2011 – The Year When Irresistible Force Met Immovable Object

Kylie Fowler is a regular columnist for The ITAM Review (see tag: Kylie Fowler). Here Kylie writes her first article for The ITSM Review.

As we blithely march into the bold new world that is 2012, I’d like to take a pause to take a look back at 2011, which I would contend is one of the most momentous years in corporate computing.

Why? Because 2011 was the year of an extraordinarily swift paradigm shift, triggered by the introduction of the irresistible, mesmerizing gadget that is Apple’s iPad into Corporate Boardrooms everywhere and enabled by the same virtualization technology that is supporting the shift to the cloud.

But a simple change in technology is not in itself a paradigm shift, nor is Apple’s iPad particularly revolutionary, although it feels that way to users – after all, laptops and 3G cards have been around for years. The paradigm shift is that in 2011 IT Departments have surrendered control over their end user technology, and don’t really expect to be in the driving seat ever again!

All the ingredients for this change have been in place for several years now, but CIOs and their asset managers have been resisting the change on the grounds of information security and cost. It took the sudden demand en masse for iPads in the C-suite to break the chains of control over end user technology and shift thinking away from command and control of individual devices to the technology free-for-all that we will enjoy in 2012 and beyond.

What are the ingredients that have both demanded and enabled this change?

Consumer technology is now more powerful than corporate PCs

Corporate End User technology choices used to be driven by a need to process data effectively (ever more complex software required ever more processing power) and store secure data securely while minimizing costs. The outcome was that corporate desktop computers had highly standardized hardware and software (to minimise support overheads) were tightly controlled (to ensure data security) and were generally more powerful than the PCs most employees had at home.

However a combination of cheaper processing power, the rise of visually sophisticated computer games and fast home broadband meant that even 5 years ago the majority of new home PCs provided a far sleeker user experience than clunky work machines that were optimised for spreadsheets.

For several  years now End Users have been frustrated that the technology they used at home was so much better than the technology they had available at work, but they were unable to do anything about it until Senior Executives ignored IT concerns about data security and demanded they be allowed to use iPads.

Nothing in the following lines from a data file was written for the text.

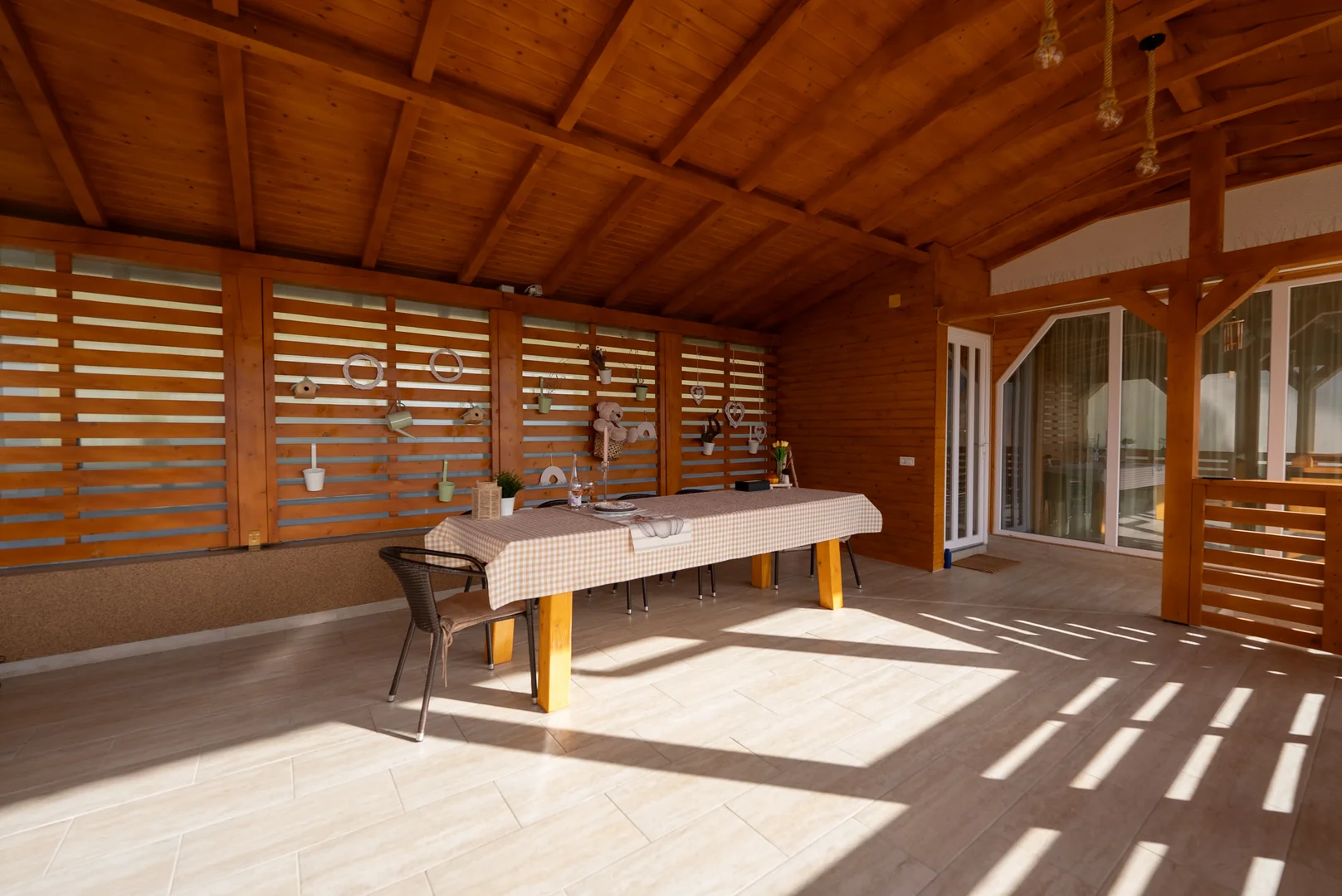 Wooden gazebo with BBQ area and dining spot in the courtyard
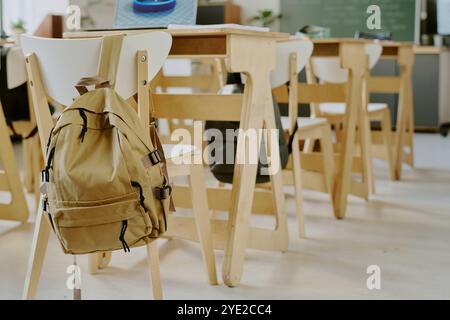 Interno dell'aula con sedie e scrivanie vuote, con zaino sul retro di una sedia, che suggerisce l'assenza di studenti o la lezione in corso Foto Stock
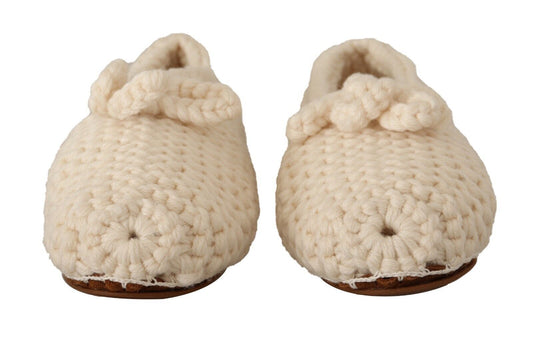 Pair of crocheted baby booties with tassels and pom poms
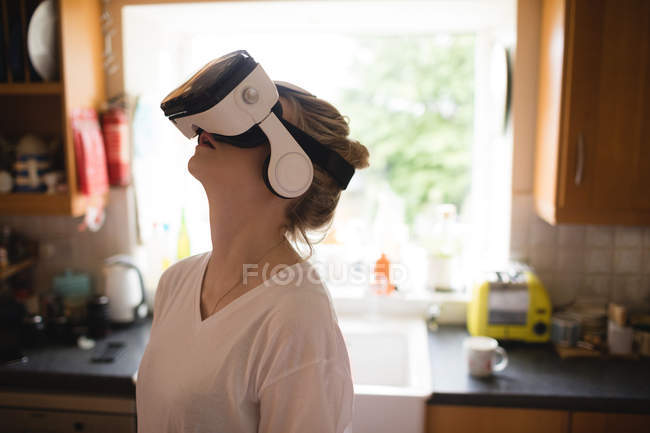 Mulher usando headset realidade virtual em casa — Fotografia de Stock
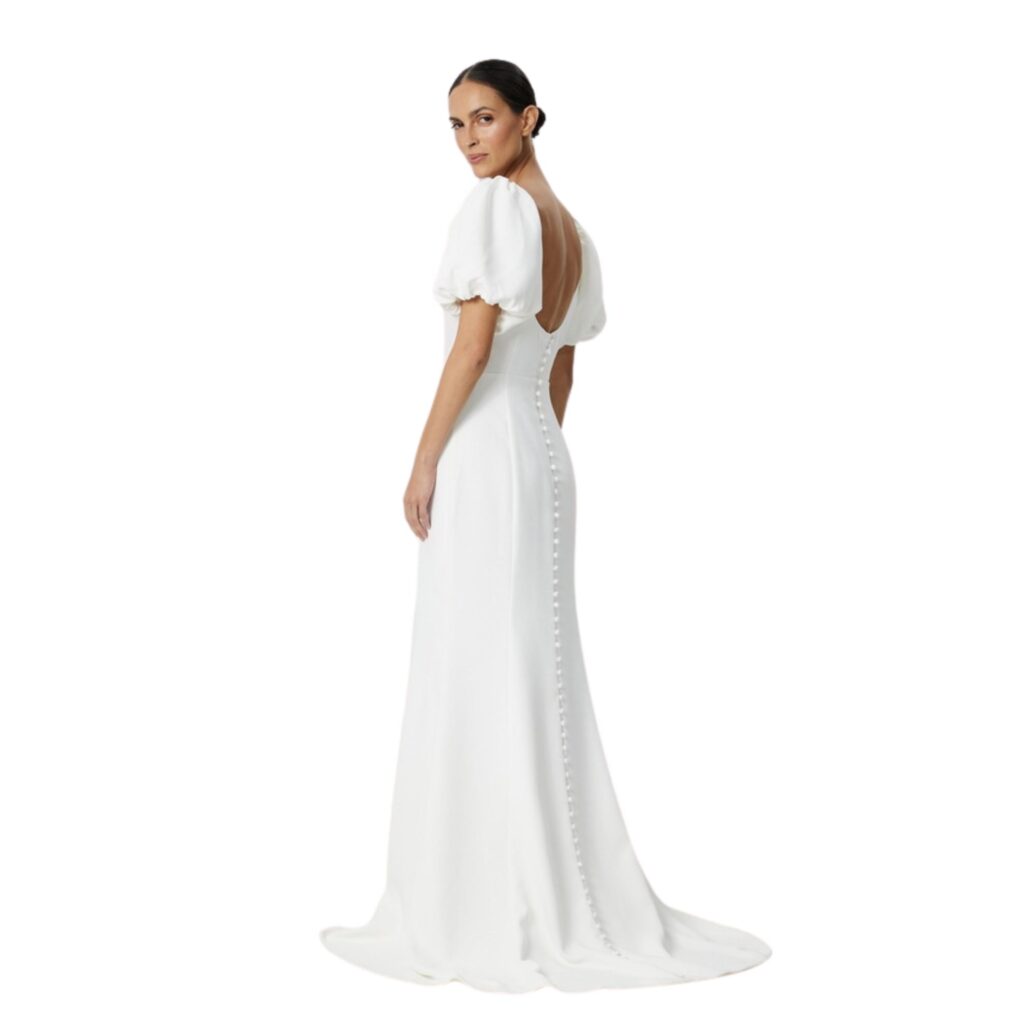 Chancery focuses on traditional silhouettes, such as puff sleeves, nipped bodies, and sweeping skirts, all at a super affordable price point. Most of their dresses are in the $400.00 range, making them a go-to for the budget-conscious bride.  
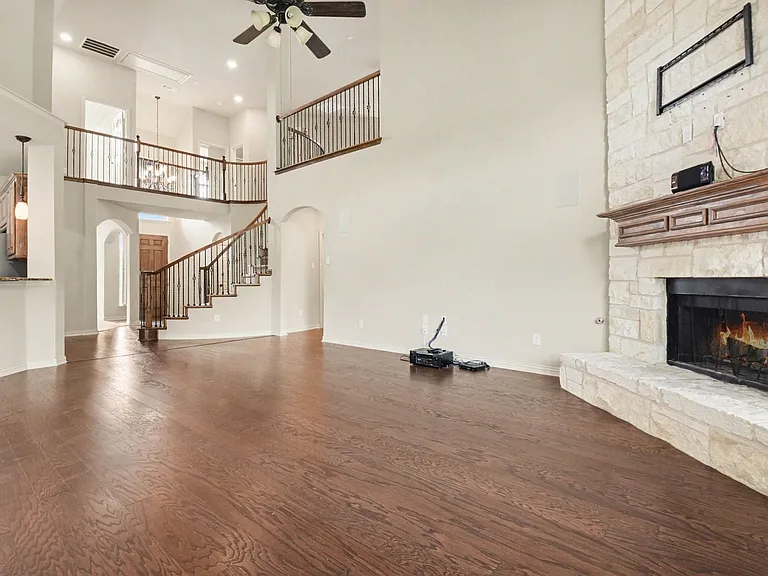 Expansive living area featuring wood-finish flooring and a stone fireplace with a substantial wooden mantel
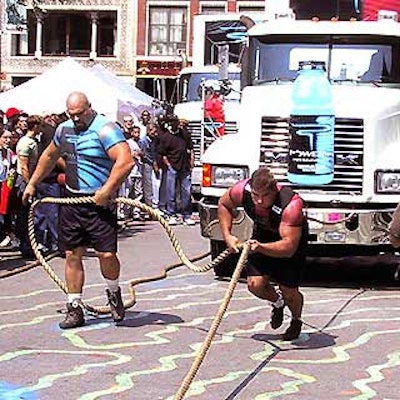 Strongmen Brian Neese (left) and Chad Coy pulled Coca-Cola tractor-trailers weighing several tons, all in an effort to drive home Powerade's new 'Very real power' slogan.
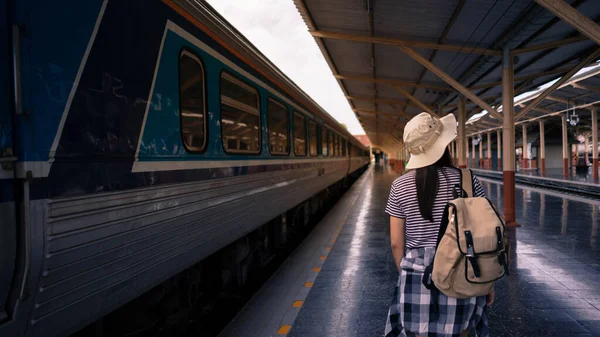 Aktif ve seyahat yaşam tarzı konsepti. Genç bayan turist tren istasyonunda sırt çantasıyla yürüyor..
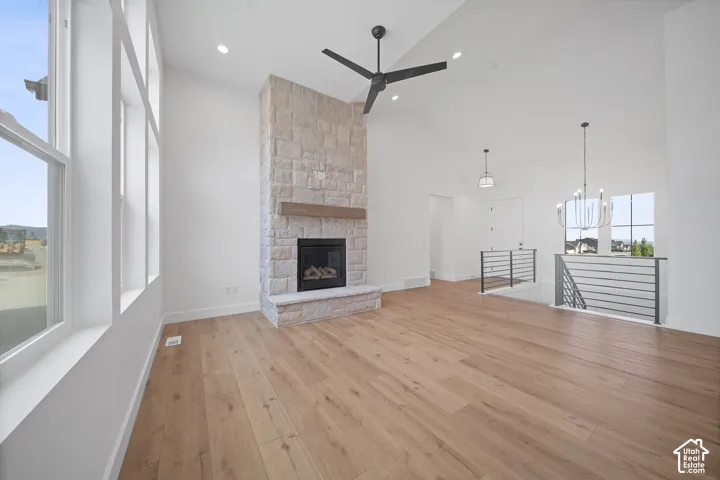 Spacious room featuring vaulted ceilings, a prominent stone-clad fireplace with a wood mantel, and large windows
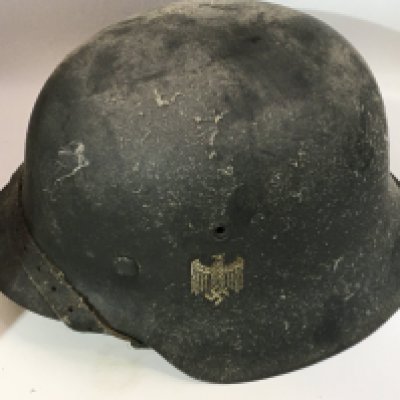 A German Third Reich steel helmet M42 pattern with single decal leather lining and interior edge stamp marks.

Smartphones have made technology personal and very, very sexy

Through the technology dark ages (aka the 1960s and 1970s) and into the noughties, personal prestige and social status was signaled by the car you drove, or, for a woman, by the type of car your boyfriend drove!

Modern technology (and feminine emancipation!) means that this role has been largely taken over by the mobile phone. Everyone has one and they come in myriad shapes and sizes. Some are expensive, some are cheap, but they all make a statement about who we are, whether we like it or not.

Smart phones take this personalization a step further. They are a filofax plus – calendar, contacts, games, photos, music, TV shows, books, everything that makes us an individual has a place in our smartphones, and it won’t stop there – watch out for the introduction of mobile money into the developed world very soon.

The laptop and blackberry of a corporate road warrior used to signal superior status, but the flexibility, personality and sheer fun of a modern smartphone has completely up-staged these more staid corporate badges. Again, credit goes to Messrs Jobs and Ive for making smartphones irresistible.

Virtualisation Technology allows IT to control only the things it needs to

Virtualisation technologies have also been around for years. However the old command and control mindset meant that the vision being sold was one of ‘thin clients’ reminiscent of the dumb terminals of the mainframe era. The thin client concept gave IT even more control over the end user experience, dictating exactly what end users could see and do on their computers, wiping the slate clean every night and recreating a pure, unsullied desktop every morning. Great for call centre workers in daily contact with sensitive data, not so much fun – or necessary – for the rest of us.

The real power of virtualization comes with the combination of a virtual private network (VPN) and a virtual desktop to allow users to access the applications and data they need from any machine while letting them install games, photos, and music to their hearts content.

Of course this creates risks in itself – how do you prove the software on an unlocked machine is legal? What if an employee downloads something illegal onto their machine? To deal with this problem, many firms are allowing themselves to lose control even further and are contemplating requiring employees to purchase their own IT equipment – the ‘bring your own device’ (BOYD) revolution.

Corporate content will be delivered in a strictly controlled way over the VPN, while the computer itself, the hard drive, the processor etc belongs purely to the user.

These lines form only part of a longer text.